◆ What to work on
Give all the data again exactly.

◆ Listed entries

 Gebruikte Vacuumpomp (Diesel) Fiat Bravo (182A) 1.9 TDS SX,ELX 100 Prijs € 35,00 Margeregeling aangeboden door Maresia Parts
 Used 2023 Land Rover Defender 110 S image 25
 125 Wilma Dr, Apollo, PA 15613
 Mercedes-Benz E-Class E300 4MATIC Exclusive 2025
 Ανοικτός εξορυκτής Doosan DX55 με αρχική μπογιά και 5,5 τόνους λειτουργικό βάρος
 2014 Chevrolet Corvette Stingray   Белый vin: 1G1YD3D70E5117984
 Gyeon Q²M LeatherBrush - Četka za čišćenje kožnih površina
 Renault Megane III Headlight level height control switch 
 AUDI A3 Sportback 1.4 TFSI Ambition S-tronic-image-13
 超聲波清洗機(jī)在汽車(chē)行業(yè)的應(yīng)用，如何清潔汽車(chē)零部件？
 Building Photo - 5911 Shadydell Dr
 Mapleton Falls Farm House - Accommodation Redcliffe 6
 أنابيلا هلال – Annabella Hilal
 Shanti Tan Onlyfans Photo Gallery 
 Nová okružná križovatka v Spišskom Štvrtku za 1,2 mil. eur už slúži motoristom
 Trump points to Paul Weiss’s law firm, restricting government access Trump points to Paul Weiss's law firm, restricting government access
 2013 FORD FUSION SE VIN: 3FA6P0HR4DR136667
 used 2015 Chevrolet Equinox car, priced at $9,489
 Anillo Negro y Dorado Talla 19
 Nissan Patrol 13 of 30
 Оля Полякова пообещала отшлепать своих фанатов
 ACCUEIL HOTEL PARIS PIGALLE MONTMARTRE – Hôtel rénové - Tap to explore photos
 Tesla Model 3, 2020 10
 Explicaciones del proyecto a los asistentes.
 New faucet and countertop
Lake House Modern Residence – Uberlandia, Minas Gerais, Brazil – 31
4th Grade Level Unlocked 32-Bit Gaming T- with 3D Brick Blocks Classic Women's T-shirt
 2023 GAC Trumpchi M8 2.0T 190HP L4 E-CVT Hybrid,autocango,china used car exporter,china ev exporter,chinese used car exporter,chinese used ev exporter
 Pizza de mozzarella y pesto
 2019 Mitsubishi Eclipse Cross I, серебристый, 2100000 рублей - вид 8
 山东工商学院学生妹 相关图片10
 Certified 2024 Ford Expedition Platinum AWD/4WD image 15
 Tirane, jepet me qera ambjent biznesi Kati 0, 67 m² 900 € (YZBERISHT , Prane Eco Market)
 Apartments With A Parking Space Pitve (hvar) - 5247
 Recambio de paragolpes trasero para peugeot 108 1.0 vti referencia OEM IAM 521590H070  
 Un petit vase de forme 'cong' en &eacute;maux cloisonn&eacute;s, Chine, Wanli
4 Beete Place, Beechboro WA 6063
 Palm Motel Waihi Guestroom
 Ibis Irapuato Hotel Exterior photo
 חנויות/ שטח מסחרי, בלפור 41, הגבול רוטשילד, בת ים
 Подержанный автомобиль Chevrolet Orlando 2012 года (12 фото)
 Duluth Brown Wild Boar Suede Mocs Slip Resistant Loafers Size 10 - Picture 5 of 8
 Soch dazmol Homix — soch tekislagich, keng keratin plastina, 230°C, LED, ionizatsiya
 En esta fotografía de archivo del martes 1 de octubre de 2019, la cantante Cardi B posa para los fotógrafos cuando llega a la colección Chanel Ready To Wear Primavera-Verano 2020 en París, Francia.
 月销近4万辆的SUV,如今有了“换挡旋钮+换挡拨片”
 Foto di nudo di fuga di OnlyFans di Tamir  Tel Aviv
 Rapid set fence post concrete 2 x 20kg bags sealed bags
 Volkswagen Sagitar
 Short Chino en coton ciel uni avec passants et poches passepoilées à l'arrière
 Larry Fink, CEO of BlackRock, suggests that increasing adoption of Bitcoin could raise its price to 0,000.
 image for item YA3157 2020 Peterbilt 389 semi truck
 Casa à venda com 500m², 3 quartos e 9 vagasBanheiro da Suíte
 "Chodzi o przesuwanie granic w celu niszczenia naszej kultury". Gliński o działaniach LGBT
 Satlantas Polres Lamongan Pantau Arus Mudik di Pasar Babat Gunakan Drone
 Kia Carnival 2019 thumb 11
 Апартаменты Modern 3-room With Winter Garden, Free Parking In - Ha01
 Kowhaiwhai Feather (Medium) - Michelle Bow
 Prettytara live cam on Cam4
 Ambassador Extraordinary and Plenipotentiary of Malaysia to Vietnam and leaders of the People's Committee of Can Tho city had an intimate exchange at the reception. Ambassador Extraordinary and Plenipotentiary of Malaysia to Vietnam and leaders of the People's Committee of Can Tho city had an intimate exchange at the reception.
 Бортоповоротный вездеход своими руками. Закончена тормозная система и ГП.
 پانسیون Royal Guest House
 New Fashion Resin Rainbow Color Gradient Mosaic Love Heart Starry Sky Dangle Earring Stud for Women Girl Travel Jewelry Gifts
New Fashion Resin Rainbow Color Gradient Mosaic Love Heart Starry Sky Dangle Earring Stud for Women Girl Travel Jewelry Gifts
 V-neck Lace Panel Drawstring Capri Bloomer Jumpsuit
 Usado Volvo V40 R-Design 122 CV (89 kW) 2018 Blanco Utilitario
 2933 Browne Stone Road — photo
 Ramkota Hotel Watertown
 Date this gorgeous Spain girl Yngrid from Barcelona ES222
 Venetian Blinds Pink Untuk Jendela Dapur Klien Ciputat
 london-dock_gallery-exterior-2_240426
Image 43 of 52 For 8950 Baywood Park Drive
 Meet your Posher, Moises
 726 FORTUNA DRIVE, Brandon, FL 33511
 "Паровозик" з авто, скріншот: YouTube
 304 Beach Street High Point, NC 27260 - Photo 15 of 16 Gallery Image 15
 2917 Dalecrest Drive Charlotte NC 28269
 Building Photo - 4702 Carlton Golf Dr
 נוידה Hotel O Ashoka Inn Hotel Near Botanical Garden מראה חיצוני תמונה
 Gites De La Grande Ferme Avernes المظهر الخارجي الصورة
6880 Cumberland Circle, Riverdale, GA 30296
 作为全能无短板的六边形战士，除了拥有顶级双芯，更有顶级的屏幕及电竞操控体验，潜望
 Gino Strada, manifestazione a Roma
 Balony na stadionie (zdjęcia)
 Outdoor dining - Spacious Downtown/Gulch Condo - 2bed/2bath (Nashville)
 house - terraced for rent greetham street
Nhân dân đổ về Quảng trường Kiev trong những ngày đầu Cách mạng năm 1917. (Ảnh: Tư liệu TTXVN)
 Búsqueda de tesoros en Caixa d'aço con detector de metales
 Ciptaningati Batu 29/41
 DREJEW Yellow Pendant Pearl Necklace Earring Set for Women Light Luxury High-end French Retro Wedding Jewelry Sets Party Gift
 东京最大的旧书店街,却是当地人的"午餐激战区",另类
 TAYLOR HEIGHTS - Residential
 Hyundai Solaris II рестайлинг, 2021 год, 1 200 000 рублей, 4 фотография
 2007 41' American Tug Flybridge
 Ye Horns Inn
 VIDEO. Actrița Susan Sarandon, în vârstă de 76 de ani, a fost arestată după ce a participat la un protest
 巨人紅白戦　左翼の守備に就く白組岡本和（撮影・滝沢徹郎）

◆ Result
 Gebruikte Vacuumpomp (Diesel) Fiat Bravo (182A) 1.9 TDS SX,ELX 100 Prijs € 35,00 Margeregeling aangeboden door Maresia Parts
 Used 2023 Land Rover Defender 110 S image 25
 125 Wilma Dr, Apollo, PA 15613
 Mercedes-Benz E-Class E300 4MATIC Exclusive 2025
 Ανοικτός εξορυκτής Doosan DX55 με αρχική μπογιά και 5,5 τόνους λειτουργικό βάρος
 2014 Chevrolet Corvette Stingray   Белый vin: 1G1YD3D70E5117984
 Gyeon Q²M LeatherBrush - Četka za čišćenje kožnih površina
 Renault Megane III Headlight level height control switch 
 AUDI A3 Sportback 1.4 TFSI Ambition S-tronic-image-13
 超聲波清洗機(jī)在汽車(chē)行業(yè)的應(yīng)用，如何清潔汽車(chē)零部件？
 Building Photo - 5911 Shadydell Dr
 Mapleton Falls Farm House - Accommodation Redcliffe 6
 أنابيلا هلال – Annabella Hilal
 Shanti Tan Onlyfans Photo Gallery 
 Nová okružná križovatka v Spišskom Štvrtku za 1,2 mil. eur už slúži motoristom
 Trump points to Paul Weiss’s law firm, restricting government access Trump points to Paul Weiss's law firm, restricting government access
 2013 FORD FUSION SE VIN: 3FA6P0HR4DR136667
 used 2015 Chevrolet Equinox car, priced at $9,489
 Anillo Negro y Dorado Talla 19
 Nissan Patrol 13 of 30
 Оля Полякова пообещала отшлепать своих фанатов
 ACCUEIL HOTEL PARIS PIGALLE MONTMARTRE – Hôtel rénové - Tap to explore photos
 Tesla Model 3, 2020 10
 Explicaciones del proyecto a los asistentes.
 New faucet and countertop
Lake House Modern Residence – Uberlandia, Minas Gerais, Brazil – 31
4th Grade Level Unlocked 32-Bit Gaming T- with 3D Brick Blocks Classic Women's T-shirt
 2023 GAC Trumpchi M8 2.0T 190HP L4 E-CVT Hybrid,autocango,china used car exporter,china ev exporter,chinese used car exporter,chinese used ev exporter
 Pizza de mozzarella y pesto
 2019 Mitsubishi Eclipse Cross I, серебристый, 2100000 рублей - вид 8
 山东工商学院学生妹 相关图片10
 Certified 2024 Ford Expedition Platinum AWD/4WD image 15
 Tirane, jepet me qera ambjent biznesi Kati 0, 67 m² 900 € (YZBERISHT , Prane Eco Market)
 Apartments With A Parking Space Pitve (hvar) - 5247
 Recambio de paragolpes trasero para peugeot 108 1.0 vti referencia OEM IAM 521590H070  
 Un petit vase de forme 'cong' en &eacute;maux cloisonn&eacute;s, Chine, Wanli
4 Beete Place, Beechboro WA 6063
 Palm Motel Waihi Guestroom
 Ibis Irapuato Hotel Exterior photo
 חנויות/ שטח מסחרי, בלפור 41, הגבול רוטשילד, בת ים
 Подержанный автомобиль Chevrolet Orlando 2012 года (12 фото)
 Duluth Brown Wild Boar Suede Mocs Slip Resistant Loafers Size 10 - Picture 5 of 8
 Soch dazmol Homix — soch tekislagich, keng keratin plastina, 230°C, LED, ionizatsiya
 En esta fotografía de archivo del martes 1 de octubre de 2019, la cantante Cardi B posa para los fotógrafos cuando llega a la colección Chanel Ready To Wear Primavera-Verano 2020 en París, Francia.
 月销近4万辆的SUV,如今有了“换挡旋钮+换挡拨片”
 Foto di nudo di fuga di OnlyFans di Tamir  Tel Aviv
 Rapid set fence post concrete 2 x 20kg bags sealed bags
 Volkswagen Sagitar
 Short Chino en coton ciel uni avec passants et poches passepoilées à l'arrière
 Larry Fink, CEO of BlackRock, suggests that increasing adoption of Bitcoin could raise its price to 0,000.
 image for item YA3157 2020 Peterbilt 389 semi truck
 Casa à venda com 500m², 3 quartos e 9 vagasBanheiro da Suíte
 "Chodzi o przesuwanie granic w celu niszczenia naszej kultury". Gliński o działaniach LGBT
 Satlantas Polres Lamongan Pantau Arus Mudik di Pasar Babat Gunakan Drone
 Kia Carnival 2019 thumb 11
 Апартаменты Modern 3-room With Winter Garden, Free Parking In - Ha01
 Kowhaiwhai Feather (Medium) - Michelle Bow
 Prettytara live cam on Cam4
 Ambassador Extraordinary and Plenipotentiary of Malaysia to Vietnam and leaders of the People's Committee of Can Tho city had an intimate exchange at the reception. Ambassador Extraordinary and Plenipotentiary of Malaysia to Vietnam and leaders of the People's Committee of Can Tho city had an intimate exchange at the reception.
 Бортоповоротный вездеход своими руками. Закончена тормозная система и ГП.
 پانسیون Royal Guest House
 New Fashion Resin Rainbow Color Gradient Mosaic Love Heart Starry Sky Dangle Earring Stud for Women Girl Travel Jewelry Gifts
New Fashion Resin Rainbow Color Gradient Mosaic Love Heart Starry Sky Dangle Earring Stud for Women Girl Travel Jewelry Gifts
 V-neck Lace Panel Drawstring Capri Bloomer Jumpsuit
 Usado Volvo V40 R-Design 122 CV (89 kW) 2018 Blanco Utilitario
 2933 Browne Stone Road — photo
 Ramkota Hotel Watertown
 Date this gorgeous Spain girl Yngrid from Barcelona ES222
 Venetian Blinds Pink Untuk Jendela Dapur Klien Ciputat
 london-dock_gallery-exterior-2_240426
Image 43 of 52 For 8950 Baywood Park Drive
 Meet your Posher, Moises
 726 FORTUNA DRIVE, Brandon, FL 33511
 "Паровозик" з авто, скріншот: YouTube
 304 Beach Street High Point, NC 27260 - Photo 15 of 16 Gallery Image 15
 2917 Dalecrest Drive Charlotte NC 28269
 Building Photo - 4702 Carlton Golf Dr
 נוידה Hotel O Ashoka Inn Hotel Near Botanical Garden מראה חיצוני תמונה
 Gites De La Grande Ferme Avernes المظهر الخارجي الصورة
6880 Cumberland Circle, Riverdale, GA 30296
 作为全能无短板的六边形战士，除了拥有顶级双芯，更有顶级的屏幕及电竞操控体验，潜望
 Gino Strada, manifestazione a Roma
 Balony na stadionie (zdjęcia)
 Outdoor dining - Spacious Downtown/Gulch Condo - 2bed/2bath (Nashville)
 house - terraced for rent greetham street
Nhân dân đổ về Quảng trường Kiev trong những ngày đầu Cách mạng năm 1917. (Ảnh: Tư liệu TTXVN)
 Búsqueda de tesoros en Caixa d'aço con detector de metales
 Ciptaningati Batu 29/41
 DREJEW Yellow Pendant Pearl Necklace Earring Set for Women Light Luxury High-end French Retro Wedding Jewelry Sets Party Gift
 东京最大的旧书店街,却是当地人的"午餐激战区",另类
 TAYLOR HEIGHTS - Residential
 Hyundai Solaris II рестайлинг, 2021 год, 1 200 000 рублей, 4 фотография
 2007 41' American Tug Flybridge
 Ye Horns Inn
 VIDEO. Actrița Susan Sarandon, în vârstă de 76 de ani, a fost arestată după ce a participat la un protest
 巨人紅白戦　左翼の守備に就く白組岡本和（撮影・滝沢徹郎）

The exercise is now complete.